Comment notre parleur endoctriné jusqu'au bout des ongles va-t-il voir ses certitudes remises en question et réagir face à ces hommes et femmes qui piccolent, bouffent et aiment ?...
Il va lui en arriver des aventures : apprendre à lire les livres (on le sait, les livres ont de tous temps été l'ennemi juré des dictatures de tous poils) éprouver des sentiments qu'il ignorait, et enfin découvrir la vérité sur les Expiateurs (dont le campement et le fonctionnement rappelle fâcheusement les horreurs nazis) et les Apôtres, ceux placés en haut de l'échelle de ce qui reste de l'humanité
Ne comptez pas sur moi pour vous raconter la suite, va falloir lire le bouquin mes ami(e)s, sachez juste que l'auteur va vous prendre à contre-pied et que l'issue n'est pas celle à laquelle on s'attend à ce moment de la lecture…

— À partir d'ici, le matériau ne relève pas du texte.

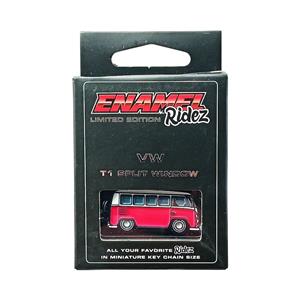 VW T1 Split Window Pink & White - Die-Cast Enamel Keychain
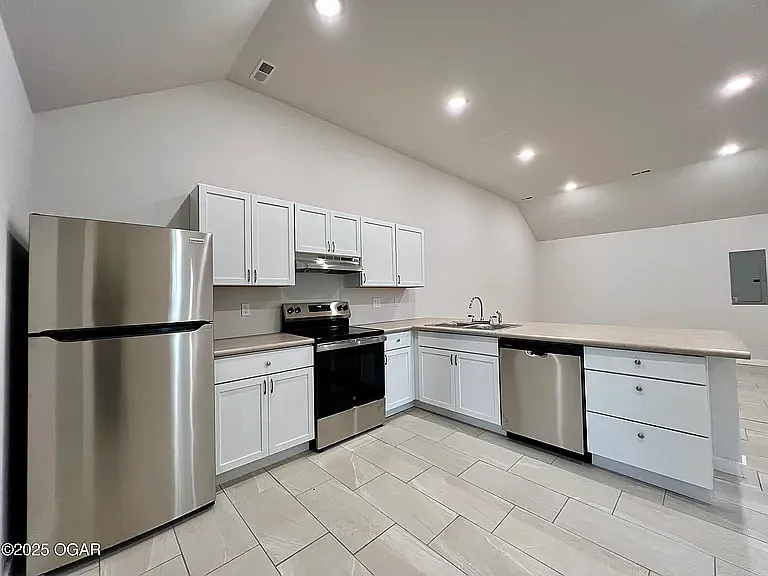204 Webb St #C — Photo 5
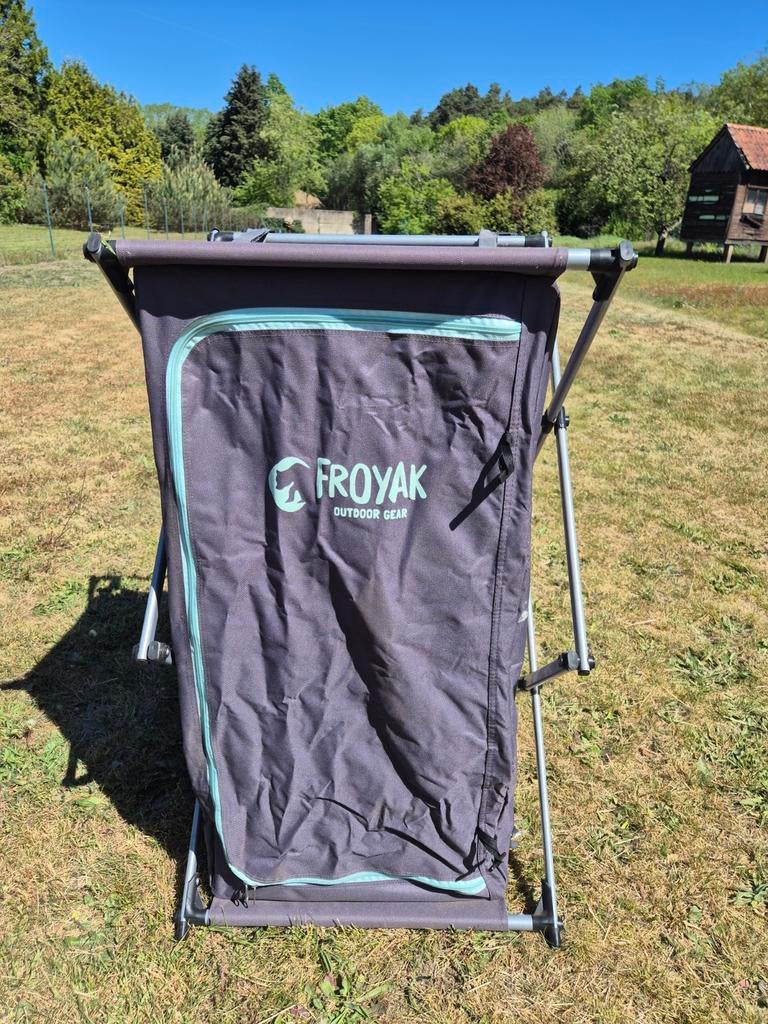 Opvouwbare campingkast, Ophalen, Campingkast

Michel explique qu'il s'est inspiré de sectes existantes qui militent pour la destruction de l'humanité pour sauver la Terre comme la désopilante "Eglise de l'euthanasie" , le tordant "Front de libération de Gaia" ou les comiques troupiers du "Voluntary Human Extinction Movement" (ci contre). Qu'adviendrait il si ces zozos arrivaient à convaincre la majorité  d'appliquer leurs thèses ? C'est ce qu'a essayé d'imaginer l'auteur dans ce roman d'anticipation. Un sacré bon roman, même si le début est un peu longuet, mais qui décolle vraiment avec la confrontation du Parleur et des Viveurs. On ressort de cette lecture avec plein d'interrogations sur l'avenir de l'humanité, son rapport à la planète, le pouvoir, la manipulation, l'écologie, les sentiments, la vie... Et un roman qui fait réfléchir n'est jamais écrit pour rien.
Bon maintenant Michel, je te le dis, si tu comptais être publié dans la collection Harlequin ou la Bibliothèque rose, c'est mort, laisse tomber.
Mais tout n'est pas si noir. Si le début est terrifiant avec la description des  conditions de vie des survivants, la plume se fait ensuite plus optimiste, par exemple avec la découverte de la lecture et des plaisirs de la vie par le parleur. Au fond l'homme n'est pas si pourri et a inventé de belles choses, l'art par exemple, ainsi notre parleur va découvrir… le blues, joué par un de ces viveurs. D'ailleurs puisqu'on parle musique ces viveurs m'ont évoqué les folles années de San Francisco, Ashbury Haight, le Grateful Dead, Janis Joplin, dans leur refus de ce qu'on leur impose et leur façon de profiter de la vie, même si ce ne sont pas à proprement parler des babas cool.
Derrière une certaine misanthropie qu'on devine à la lecture du catalogue des méfaits de l'espèce humaine, Michel aime sans doute profondément l'humanité, tout en regrettant ses excès, sa cupidité et sa bêtise, alors qu'elle pourrait s'élever vers de plus nobles desseins.
On ne peut nier à Michel une imagination foisonnante et une écriture fluide et comment dire… imagée, l'impression parfois de regarder un film en lisant, j'ai pensé à certaines séquences de "Je suis une légende" d'après Richard Matheson, ces villes abandonnées, la nature qui a repris ses droits… Je pense qu'une adaptation sur une toile pourrait donner quelque chose, Spielberg si tu me lis…

Un mot sur l'auteur pour conclure, un artiste multi casquette, joueur de blues avec son groupe Michel Z et les Charity Beans (lien) mais aussi par dédoublement de personnalité Enzo Ketchup (lien) troubadour anar qui doit beaucoup à Brassens et Ferré et maintenant écrivain. (Cliquez ci-dessus sur les liens vers ses sites où vous pourrez en apprendre plus et écouter ses enregistrements).

Ah oui, bonne question, où trouver ce bouquin auto produit ? Si vous êtes en Normandie vous le trouverez à Caen, à Brouillon de culture 29 rue St Sauveur (au 1er, rayon anticipation)... Sinon un mail à l'auteur de notre part (michel@michelz.com)

1 commentaire:

  1. J'ai lu le parleur, effrayant, organique et jouissif, les images poursuivent longtemps après la lecture. Bravo!